Last, but not least, I asked how the Stream SDK fit into AMD’s Fusion initiative, which aims to integrate graphics cores into desktop and mobile microprocessors. Would we see mainstream GPGPU apps run on the integrated GPU core?
[That’s] absolutely the direction you should expect, and in fact one of the big reasons for AMD to invest in this technology… Well, [there are] three reasons. One, we believe that this will be a fundamental requirement for mainstream graphics in the next few years, as we move towards a programming standard you’re gonna see more and more mainstream application developers and ISVs [independent software vendors] want to take advantage of this capability, so we believe it’s gonna be a requirement. Just baseline. On top of that, there certainly is market for incremental GPUs in technical markets and some of the high-end professional markets and we’d certainly like to play in that space.
And, finally, this really helps to set us up and take us down a technology path to prepare for the Fusion programour Accelerated Computing programsand there are a couple of ways in which that happens. The software stack, which you see represented here, basically evolves into a more comprehensive and higher-level set of tools that we think the company needs to get to and the industry needs to get to, to enable developers to take advantage of heterogeneous architectures without having to be early adopters who can program anything. So we think this toolkit is a good beginning for what it ultimately needs to be to handle much broader heterogenous architectures like those that we’ll implement in the Fusion project.

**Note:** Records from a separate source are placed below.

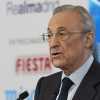 ¡Bombazo! Florentino sondea un cambio en el modelo de propiedad del Real Madrid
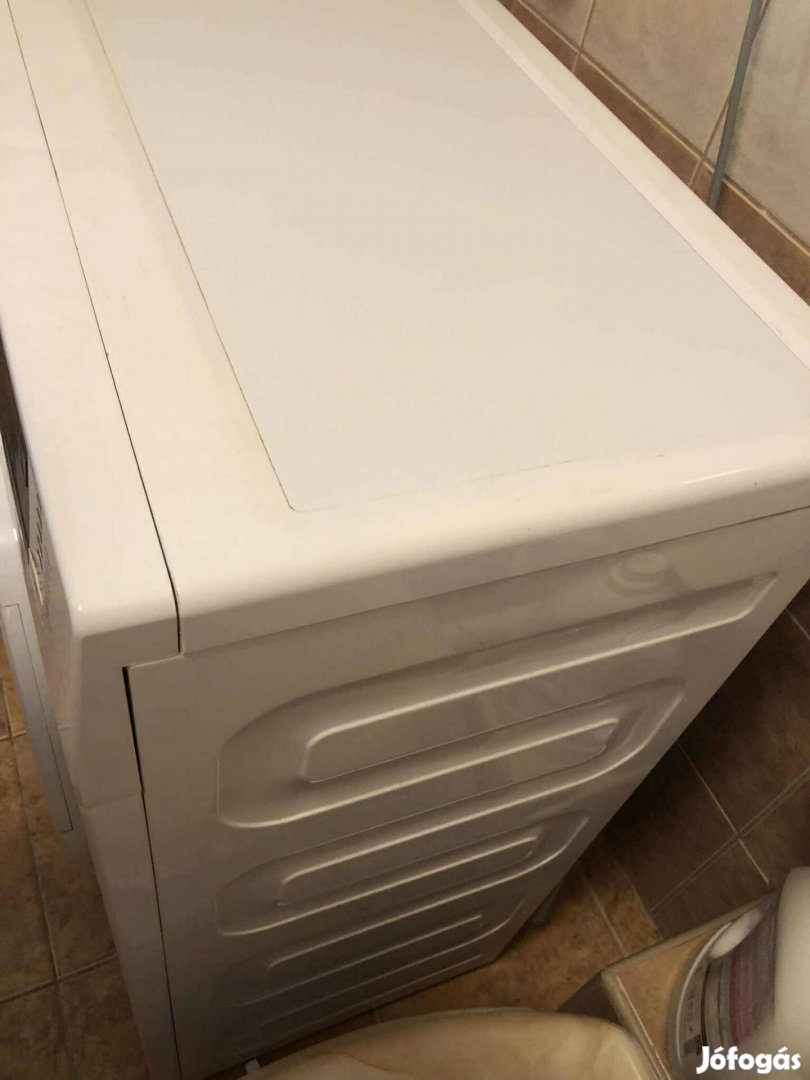 Beko keskeny mosogép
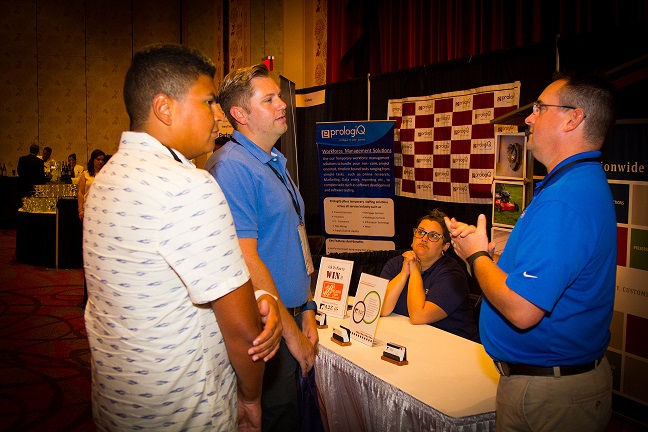 2016 Expo-3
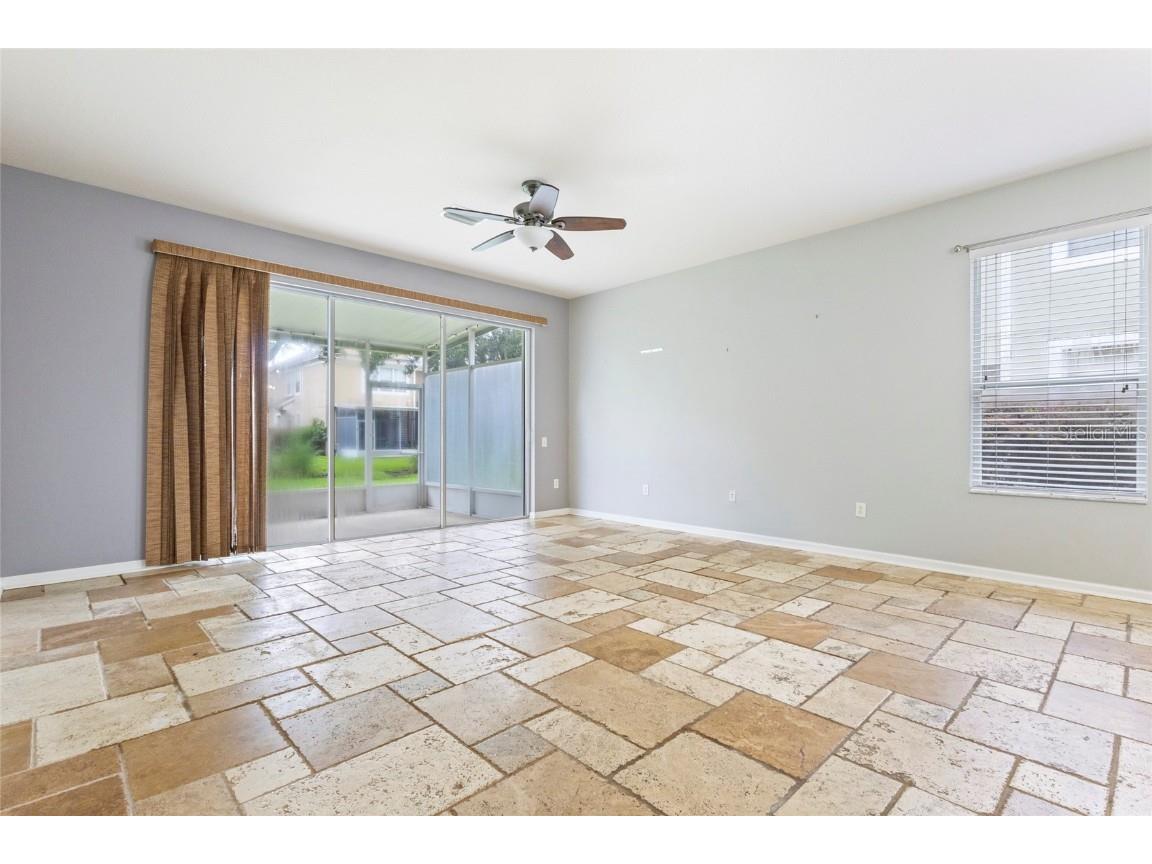 8324 72nd Lane E Bradenton FL 34201 A4671873 image26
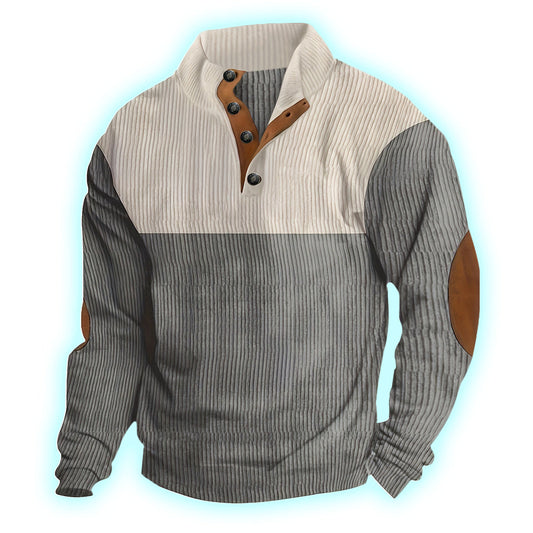 Donato Ester Sweater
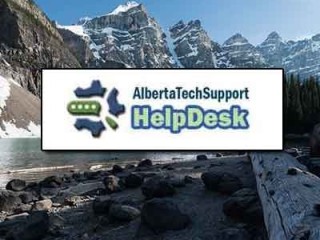 premium-domain-for-sale-albertatechsupport-com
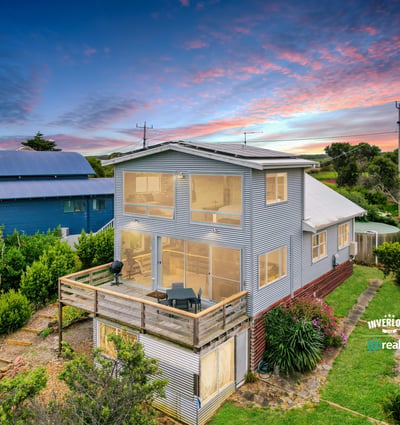 112 Viminaria Road, Harmers Haven, VIC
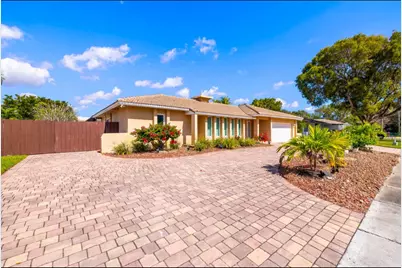 5921 SW 17th Court, Plantation, FL 33317 - Photo 1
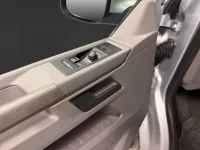 Volkswagen Transporter 2.0 TDI DSG 150HK L2 3-Sits/Drag/Moms 110kW thumbnail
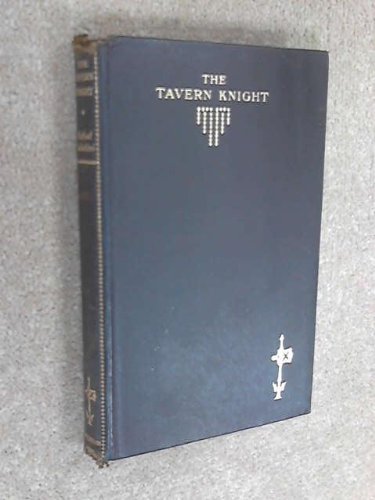 Book The Tavern Knight free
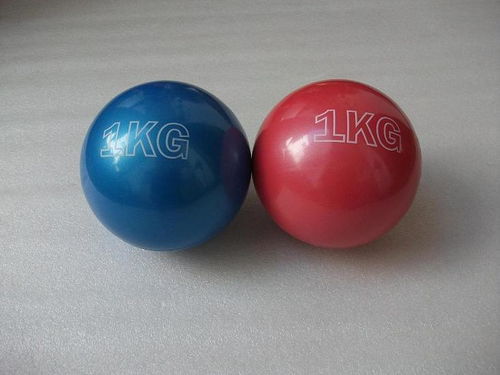 充气实心球 ,义乌市三公文体用品厂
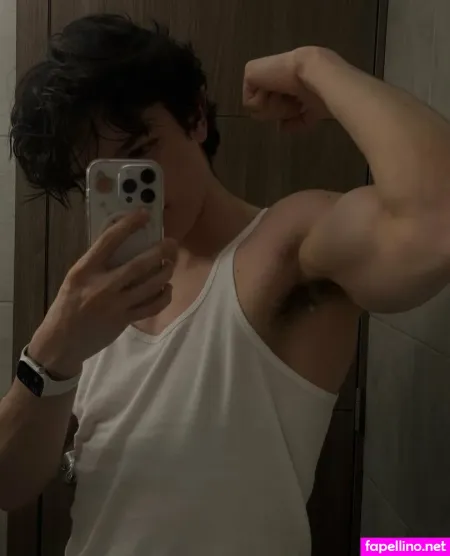 Dubianjauregui OnlyFans Thumbnail #WXbK8GpE3f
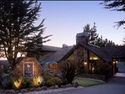 Fortune Days Hotel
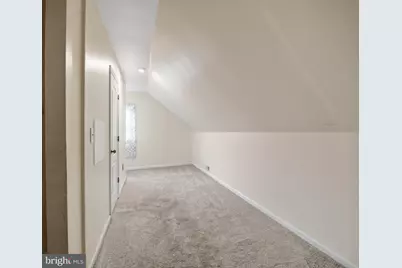 3513 27th Avenue, Temple Hills, MD 20748 - Photo 24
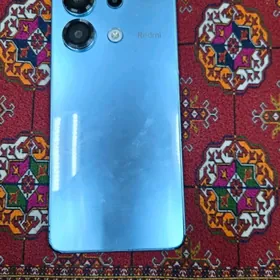 redmi note 13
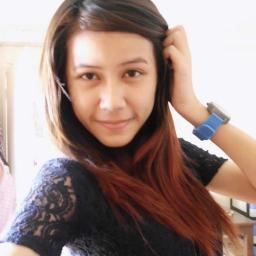 MISS NO ONE (: Follow me and I'll follow you back. 
Your My Beloved ;)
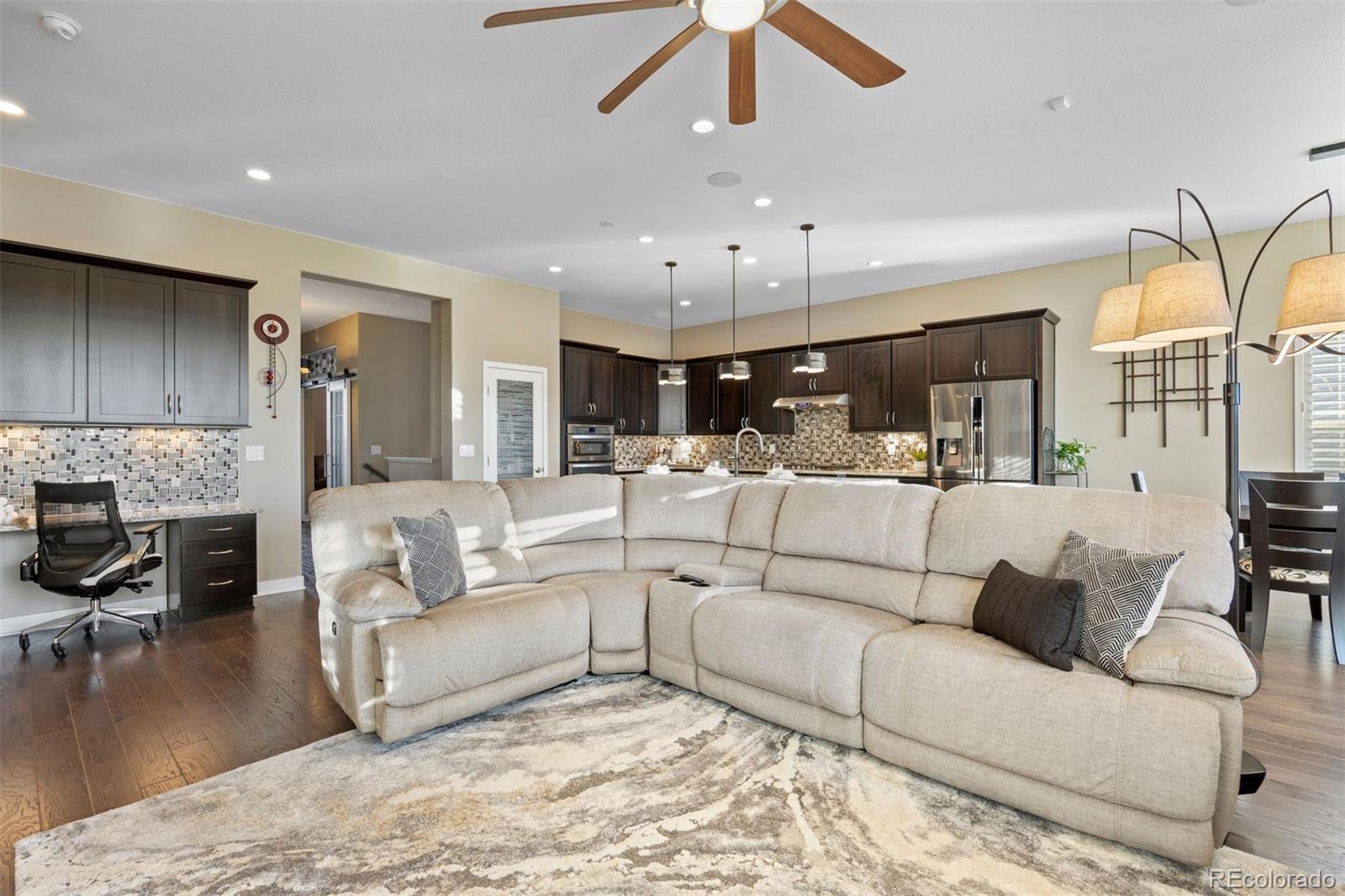 MLS Image #17 for 22978 e bailey circle,aurora, Colorado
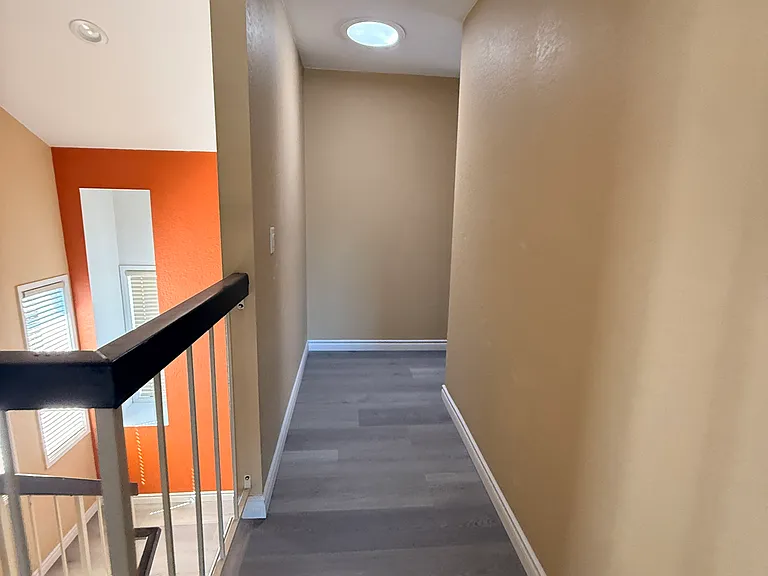 1174 Dawn Ridge Way — Photo 12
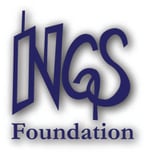 Neil G. Shastri Charitable Foundation Corporation logo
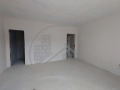 Продава 2-СТАЕН, гр. Варна, Виница, снимка 1
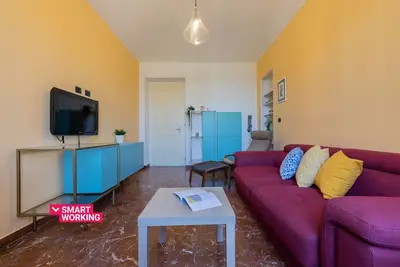 Image de The Turin Nest by Wonderful Italy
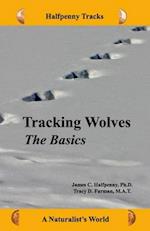 Tracking Wolves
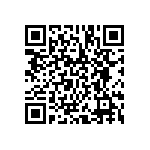 BCS-138-L-D-PE-048 QRCode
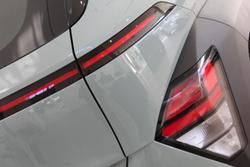 2026 Hyundai Kona Hybrid
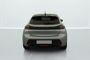 PEUGEOT 208 ELECTRIQUE 50 KWH 136CH GT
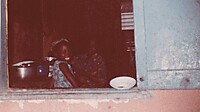 IMG_20251213_0102.jpg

Also, we learn a lot dealing with the Stream Computing customers today about the sorts of workloads that accelerate well and the directions we need to move in to design graphics cores that would be part of these future processors. And we’re also working with software partners and ISVs today, who we would expect would want to take advantage of those integrated architectures when they come out. So there’s a lot that we’re doing today that seeds directly into the Accelerated Computing project, and in fact, we are in communication all the time because . . . they are very interested in what we’re doing now that they can then grab and take advantage of in future architectures.
In other words, while AMD may not be anywhere near as chatty about its GPGPU endeavors as its competitor, it definitely isn’t twiddling its thumbs on that front. The company doesn’t seem as tied to the notion of having its own, semi-proprietary API as Nvidia, though, and it has high hopes for the proposed OpenCL standard. If all goes well, OpenCL might allow developers to write GPGPU code that can run on both AMD and Nvidia GPUs, among others.